The Ruias are ruing new rules
In June, India’s central bank released a list of 12 companies that account for a fourth of all bad loans at Indian banks and face being liquidated under the new Insolvency & Bankruptcy Code. Prominent among them is Essar Steel, controlled by the Ruia brothers, with a debt pile of nearly $7 billion, more than $5 billion of which is labelled non-performing.
Essar Steel, a unit of the brothers’ Essar Group, took the Reserve Bank of India to court, calling its move to refer it for bankruptcy proceedings as “discriminatory and arbitrary”. Essar argued that the Reserve Bank had given 488 other companies an additional six months to arrive at a resolution with their bankers.

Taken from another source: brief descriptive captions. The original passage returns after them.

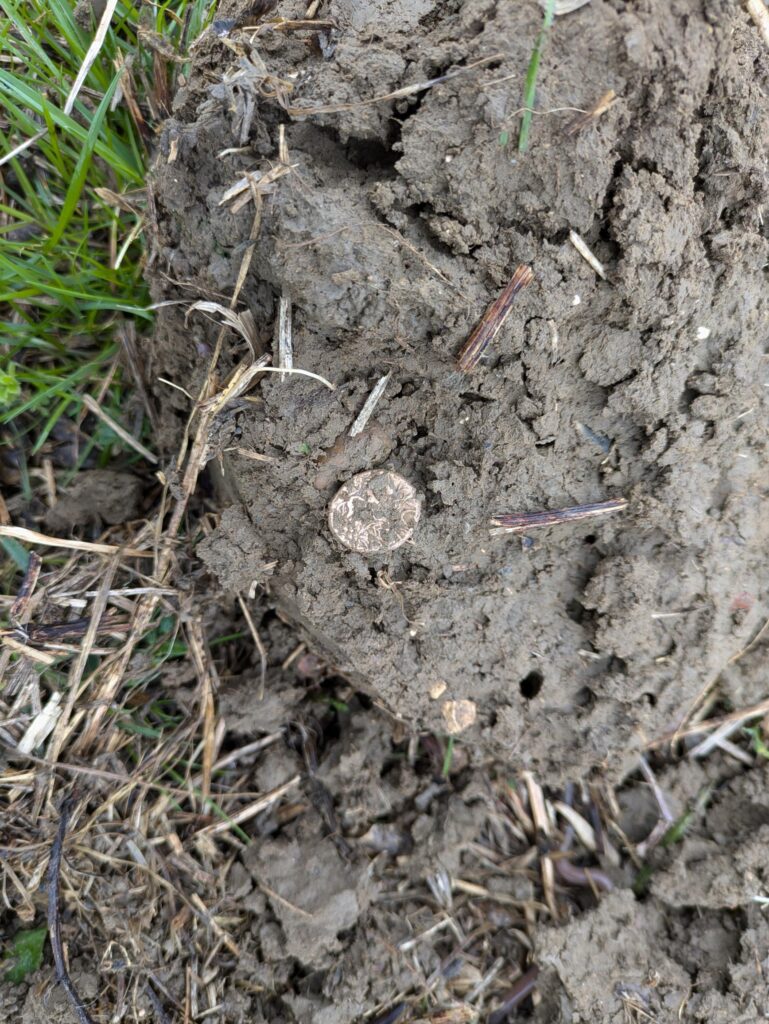 A British metal detectorist uncovered a rare Iron Age gold coin hoard in a Suffolk field, with the remarkable treasure later selling at auction for an impressive £33,200.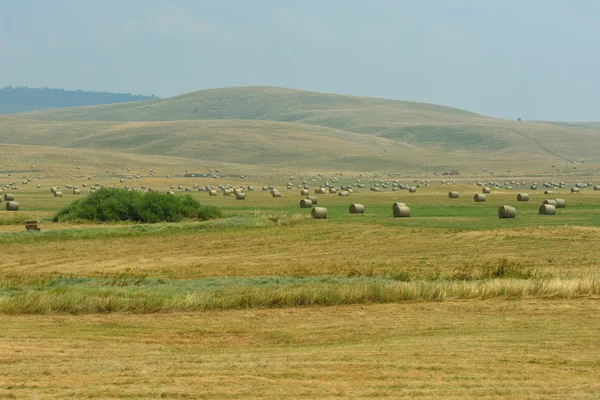 Sommerlandskap – stockfoto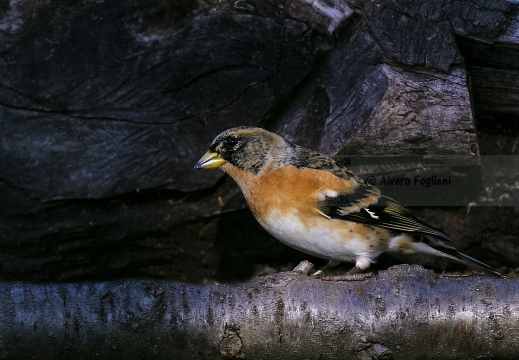 PEPPOLA; Brambling; Fringilla montifringilla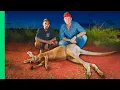 Rare Kangaroo Cooked Underground Aboriginal Earth Oven in Australia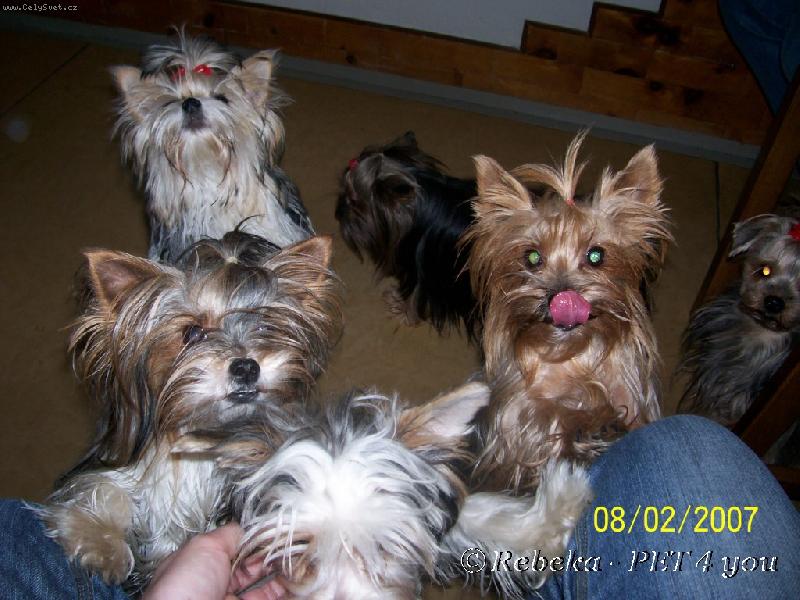 Foto: na návštěvě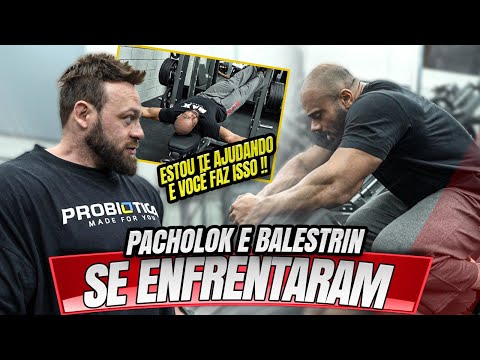 PACHOLOK E BALESTRIN SE ENFRENTARAM - VEJA O QUE ACONTECEU !!!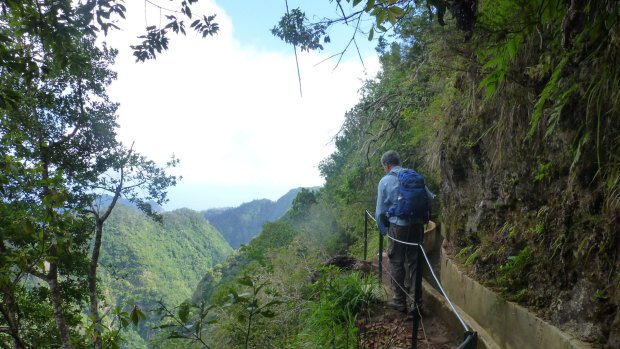Highlight: A hiker negotiates his way along the steep-sided Ribeiro Frio levada.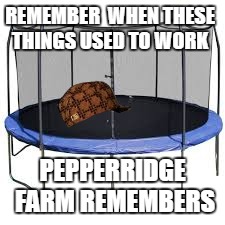 Trampolines Don't Work Anymore :( | REMEMBER  WHEN THESE THINGS USED TO WORK; PEPPERRIDGE FARM REMEMBERS | image tagged in upvote | made w/ Imgflip meme maker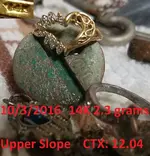 DocBeav 2016 Gold Ring #21.webp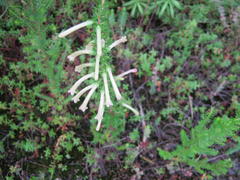 Erica curviflora curviflora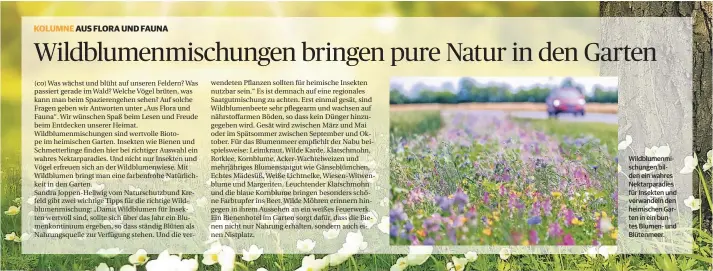  ??  ?? Wildblumen­mischungen bilden ein wahres Nektarpara­dies für Insekten und verwandeln den heimischen Garten in ein buntes Blumen- und Blütenmeer.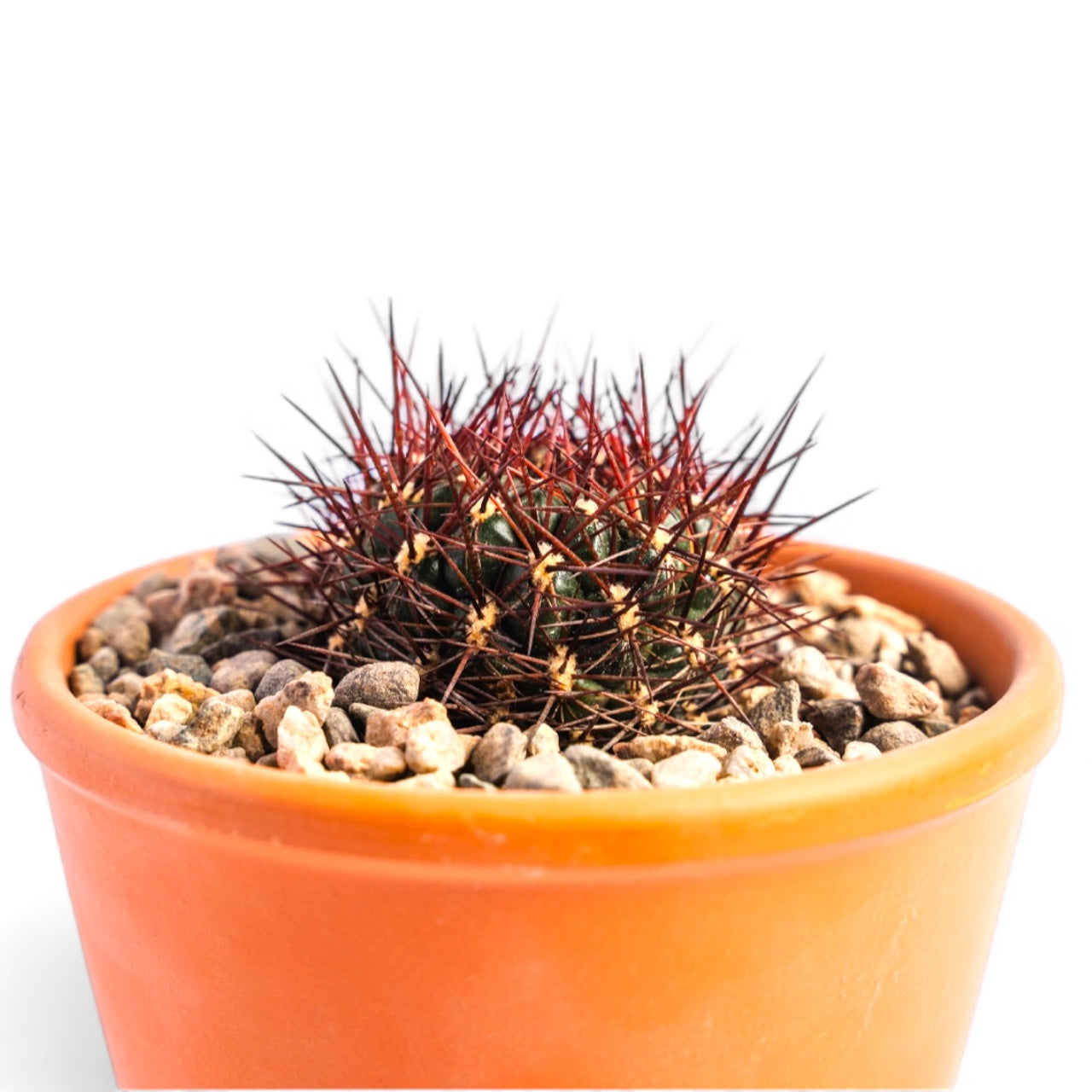 SULCOREBUTIA PURPUREA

It had also overlooked the company’s improved financial position as of March 2017, Essar said. But the court dismissed the plea.
The case is now before the National Company Law Tribunal. A court-appointed executive has assumed oversight, and Essar Steel’s board has been suspended. A newly formed creditors committee has nine months to devise a plan to pay off lenders, failing which Essar Steel will be liquidated.
In August, the Ruia brothers concluded a long-delayed $12.9 billion deal to sell the group’s oil assets to Russia’s Rosneft. The bulk of the proceeds will pay down part of Essar Group debt. The siblings (No 41), who at their peak in 2010 were among the top five, with a net worth of $15 billion, have seen their wealth erode to $3.4 billion.
Several high-flying billionaires, undone by their appetites for debt, have disappeared from the ranks altogether. One notable figure is liquor and airline baron Vijay Mallya, who fled the country in 2016 after his Kingfisher Airlines reneged on loans of more than $1 billion.
Another big defaulter in the central bank’s list is Bhushan Steel, which produces steel sheets for the auto industry and owes banks $6.9 billion. The company’s chairman, Brij Bhushan Singal, dropped off in 2014. Singal’s estranged older son, Sanjay Singal, who runs his own steel business and is weighed down by debt of $5.7 billion, lost his spot in 2015.
Other highly leveraged drop-offs are hydropower pioneer Jaiprakash Gaur, founder of the Jaypee Group, and L Madhusudhan Rao of Lanco Infratech, who last featured among the richest in 2011 and 2012. “Many companies overinvested in the exuberant period preceding the global financial crisis,” says Rakesh Arora, managing partner of Go India Advisors, a Mumbai strategic advisory firm. “Banks were guilty of giving them loans even when their equity base was too low.”
The court’s tough stance in the Essar case should curb both borrowers and lenders from going overboard. Education firm Educomp, founded by former lister Shantanu Prakash, who was worth $920 million in 2009, voluntarily applied to restructure its $320 million debt under the new law.